The entire listing that follows must be repeated exactly, pictures excluded.

-- Data --
━━━━━━━━━━━━━━━━━━━━━━━━━━━━━━

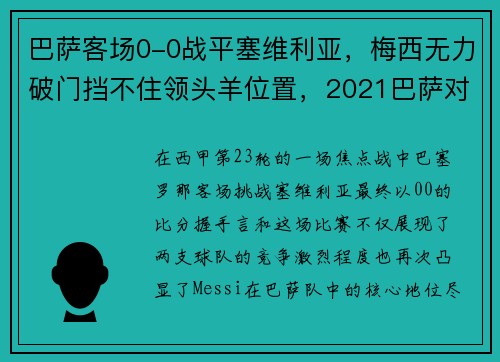 巴萨客场0-0战平塞维利亚，梅西无力破门挡不住领头羊位置，2021巴萨对塞维利亚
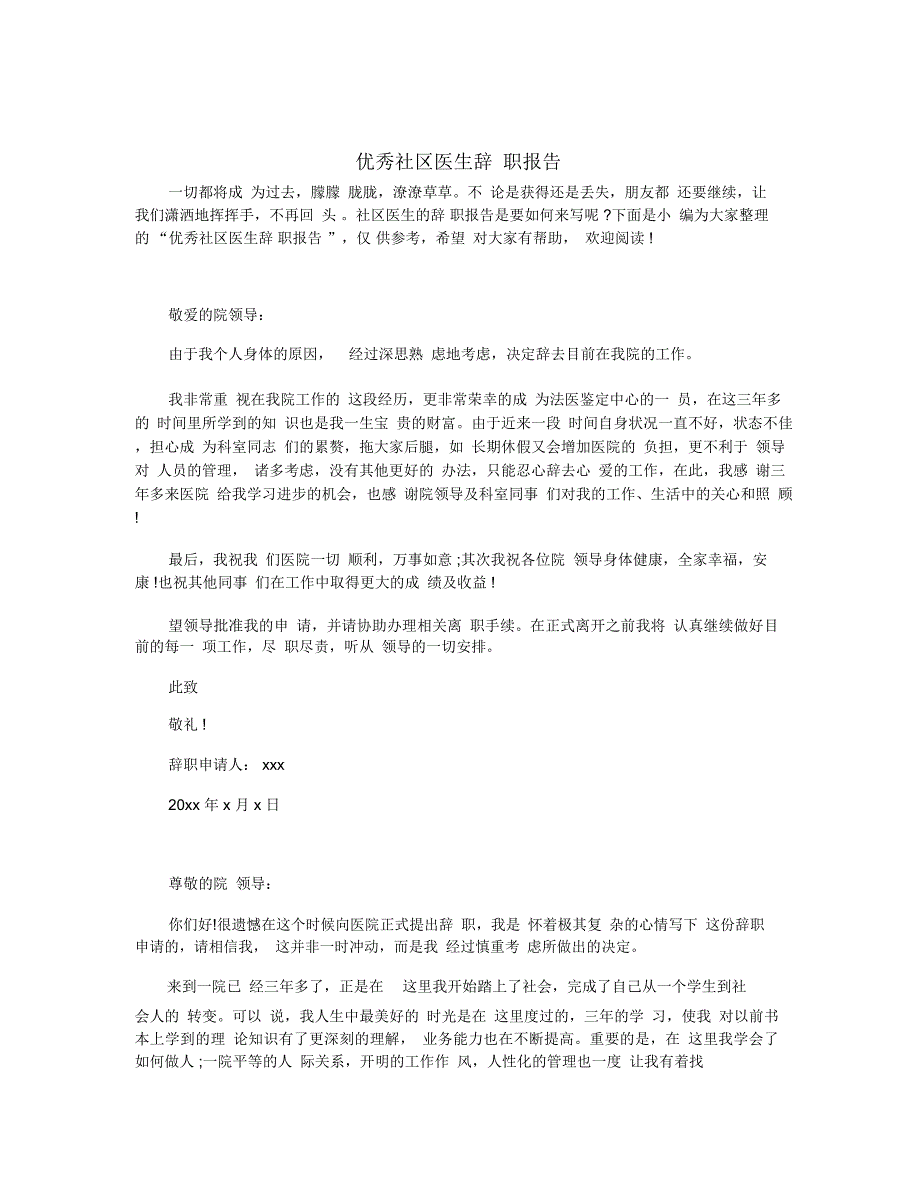 优秀社区医生辞职报告_第1页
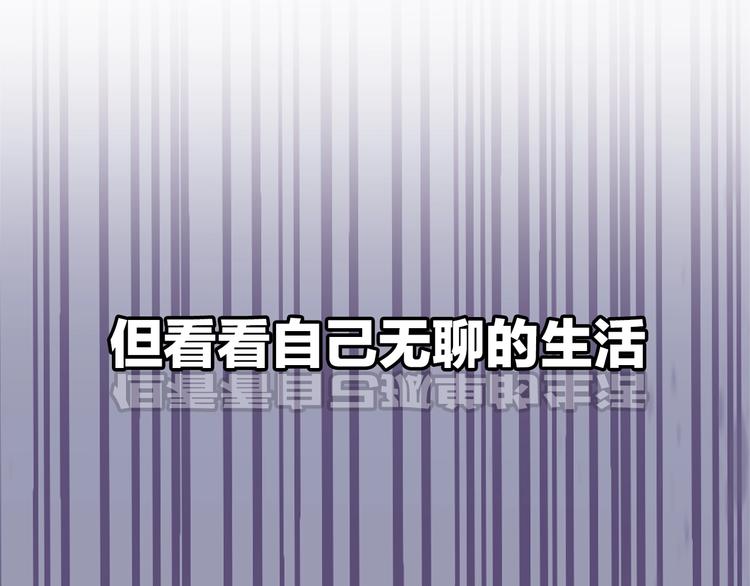 序章 逃出他的禁锢27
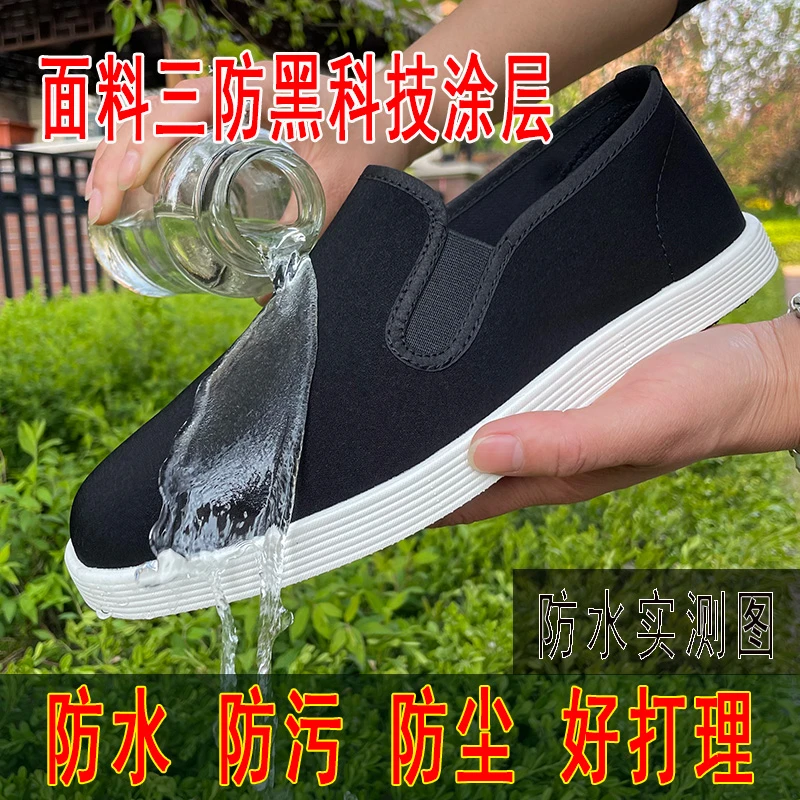 艾草布芯三防面免刷洗水上漂老北京布鞋男款休闲一脚蹬软底爸爸鞋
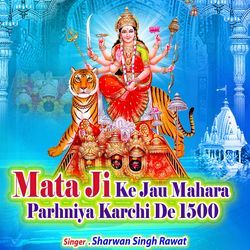 Mata Ji Ke Jau Mahara Parhniya Karchi De 1500 (Remix)-CDsjazFJWFo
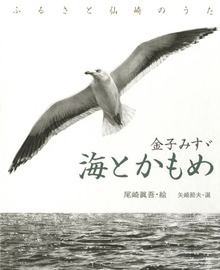 金子みすゞ（絵本・児童書）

━━━━━━━━━━━━━━━━━━━━━━━━━━━━━━

-- Finished task --
 巴萨客场0-0战平塞维利亚，梅西无力破门挡不住领头羊位置，2021巴萨对塞维利亚
 优秀社区医生辞职报告_第1页
 序章 逃出他的禁锢27
 艾草布芯三防面免刷洗水上漂老北京布鞋男款休闲一脚蹬软底爸爸鞋
 Mata Ji Ke Jau Mahara Parhniya Karchi De 1500 (Remix)-CDsjazFJWFo
 金子みすゞ（絵本・児童書）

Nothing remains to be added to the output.